I was going to title this post, How to be Depressed, but feared no one would read further.  True story!

I am passionate about the subject of mental health. I am most passionate about taking the stigma out of struggles with mental health - with normalizing them, and even embracing them, because when we embrace our shadow side, we can fully know our light.  When we hide from our shadow, or demonize or deny it, it takes strange power in our life, and manifests in weird, wild, and mostly un-wonderful ways. 

I guess I'm kind of saying: keep your enemies close.  Keep up on your shadow side, and know what it's up to, so that you can dance with it, instead of getting stomped on/clubbed over the head by it. 
 

I wanted to revisit this topic, which I've discussed before, several times, because it is a difficult one - at least, it's difficult for me.  And I recently cycled through a full spectrum of energy, a spectrum I'm beginning to simply think of as my life's rinse cycle. 

When I get sad, I usually spend a couple of hours in that place - but I rarely stay there.  Instead, my sadness usually forces me into action.  Either it forces me into prayer, so that I can find my way out of darkness, or it forces me into play (so that I can find my way out of darkness).  Either way, I'm starting to believe that the long road to surrender encompasses hitting the bottom of my well, so to speak, and then bouncing back toward the light. 

That's a lot of metaphors.  It also sounds a little like manic-depression.  And maybe it is a little like manic-depression.  I ain't afraid. 

In yoga practice, gravity helps you stand on your head and hands and elbows.  As one of my favorite teachers said once, Learn to play with gravity.  Give into its force, and then you can grow away from it.  But first you must go with it. 

Root to rise, people!  Root to rise.





2. Link City
Speaking of harvest, I am giddy with a couple of projects that have come to fruition this fall.  The first is a collaboration with my friend, Lukis. I submitted a story to his beautiful podcast, The Storied Commute.  You can listen to Lukis read my story, and interview me about it, here.  (It's kind of long.  If you've been wanting entertainment for your Sunday drive to Wyoming...from D.C....you're in luck!)

If you're interested in submitting stories of your own, Lukis is a great editor, as well as writer himself.  He is dedicated to "story," as he calls it, and you can send your work to lukis@storiedcommute.com
.

The second project I closed on was the long-held wish to visit my friend Amelia in LA.  Tim and I fell in love with that town, which surprised the heck out of me.  In addition to getting lost in an enchanted neighborhood, hitting an art opening at Platform, and going hoarse with story-telling, there was some playing in the kitchen - mostly by others.  I requested coffee in the kitchen, and made myself a pb&j upon arrival, and was fairly competent pouring my own cereal in the morning, but that's about as far as my culinary contributions went (unless you count cutting up raw meat, which I do count - and love doing, for some reason).  

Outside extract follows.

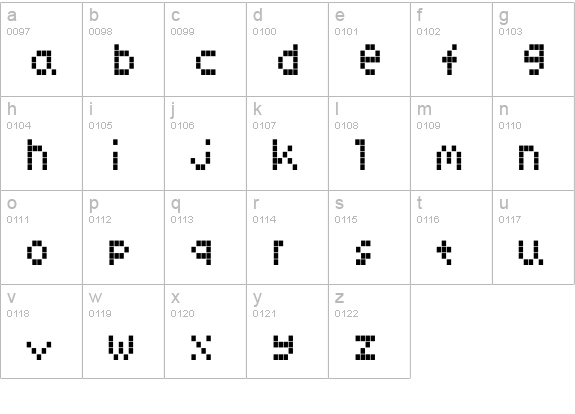 LCD Regular lowercase a-z preview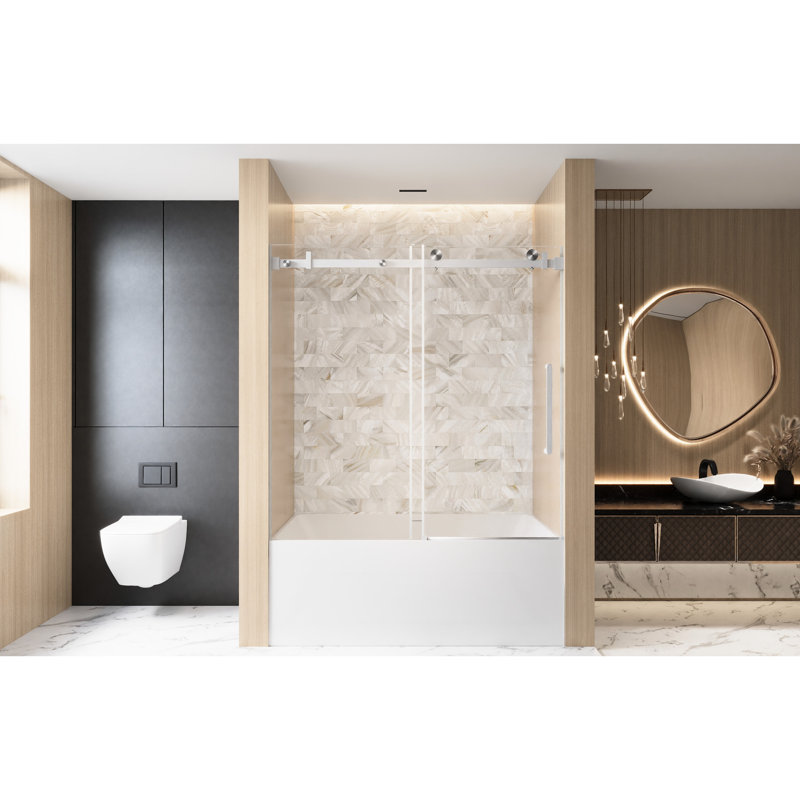 60 - Inch High Single Sliding Shower Door 56 Inches Wide, 6mm Clear Tempered Glass With Shatter Film, Stainless Steel Track And Handle In Brushed Nickel Finish, Good For Bathroom Use, Silent Smooth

Anyway, here is an Amelia-curated Bon Appetempt post about our LA weekend with her and her husband, Matt.  As you can see, delicious food was made, and cute dogs behaved. 

Also, for the curious, here is an article about making friends with your shadow side, which I had nothing to do with.  It was written by a fantastic yoga teacher in my town who also gives great advice about raising dogs.  A yin yoga teacher who instructs on how to be the alpha for your dogs is one integrated human being, that's for sure.


Anyway, here's to action, and to solving your own problems, and becoming the doctor for whatever ails you

There is grace in the darkness.  Here's to discovering it.  Here's to becoming your own lantern, in the wilds.


3. Peace!

Thanks for stopping in.  Thanks for being your radiant self.  Keep on keeping it real and dark and light and integrated.